Posteado por: josejuanmorcillo | diciembre 12, 2018

Neopolitano

Me ha dado por pertenecer a una tribu urbana, sí, a mi edad, que no es que sea lozana pero tampoco faraónica. En casa dicen que ya estoy con las dichosas crisis de identidad, y que lo mejor que debo hacer es dejarme de payasadas, ponerme el pijama, sentarme en el sofá con la bandeja de la cena y empezar a seguir una serie de televisión de esas que son más largas que un día sin pan. Pero yo me he rebelado, como buen hijo de los movimientos jipi y jevi, y he comenzado a rastrear por la telaraña digital para encontrar ese grupo de coleguillas con el que pueda sentirme identificado.
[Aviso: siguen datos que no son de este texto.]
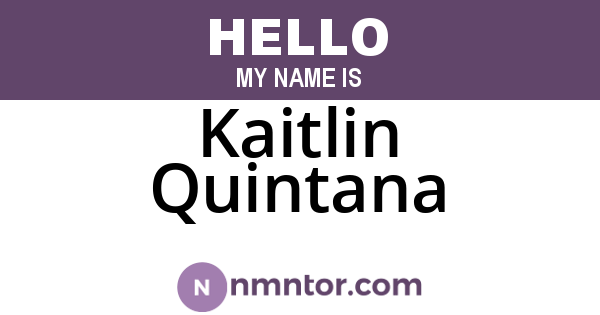 Kaitlin Quintana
Los primeros intentos han sido desalentadores. Tengo muy claro que no me veo un bakala ni un maquinero porque esa música no me pone y mucho menos su jerga, que tendría que aprenderla, claro, con su perreo, sus guirlas y fronteos, y lo que es peor, usarla en el contexto adecuado y con el tono correcto. Y para eso se requiere una inmersión lingüística a la que no estoy dispuesto. Tampoco me veo dentro del rollo friqui; debería ver todo lo que se ha grabado de Star Trek y hacerme seguidor acérrimo de varios yutúbers. Va a ser que no. Descarto los góticos porque no quiero agujerear ninguna zona de mi cuerpo, ni ponerme lentillas de zombi ni pintarme los morros de violeta-muerte; hípster no puedo ser porque con mi barba, ya desforestada, sería, junto con los que lucen esas pelambres levíticas y mesiánicas, un triste y eterno aprendiz. Panki no lo seré más porque ahora sí que estimo la salud de mis oídos y la de mi estómago.
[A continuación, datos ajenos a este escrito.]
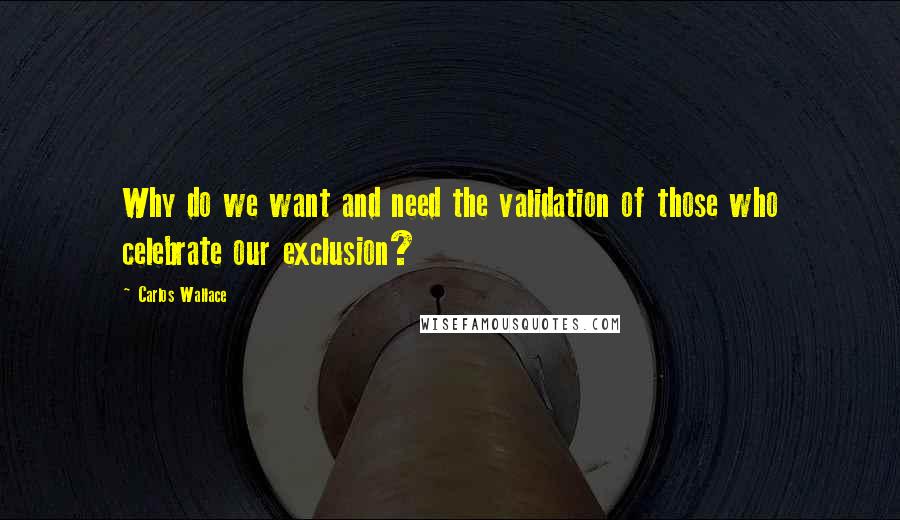 Carlos Wallace quotes: Why do we want and need the validation of those who celebrate our exclusion?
En fin, después de tanto paseo virtual, llego al Ministerio para la Transición Ecológica ―ahora me entero de su existencia― y desde una de sus páginas se me invita a ser neopolitano. Es mi última alternativa. Leo: los neopolitanos son la nueva ciudadanía, no importa edad ni orientación política; solo debes ser tuitero y consumir de manera responsable, ética y justa, sin contaminar y yendo en bici, remendando tu ropa, no comprando comida envuelta en celofán, usando marcas de ropa sostenibles y no probar apenas la carne y el pescado. No tiene mala pinta, no. Pero el bocata de morcilla y el coche no me los quita nadie.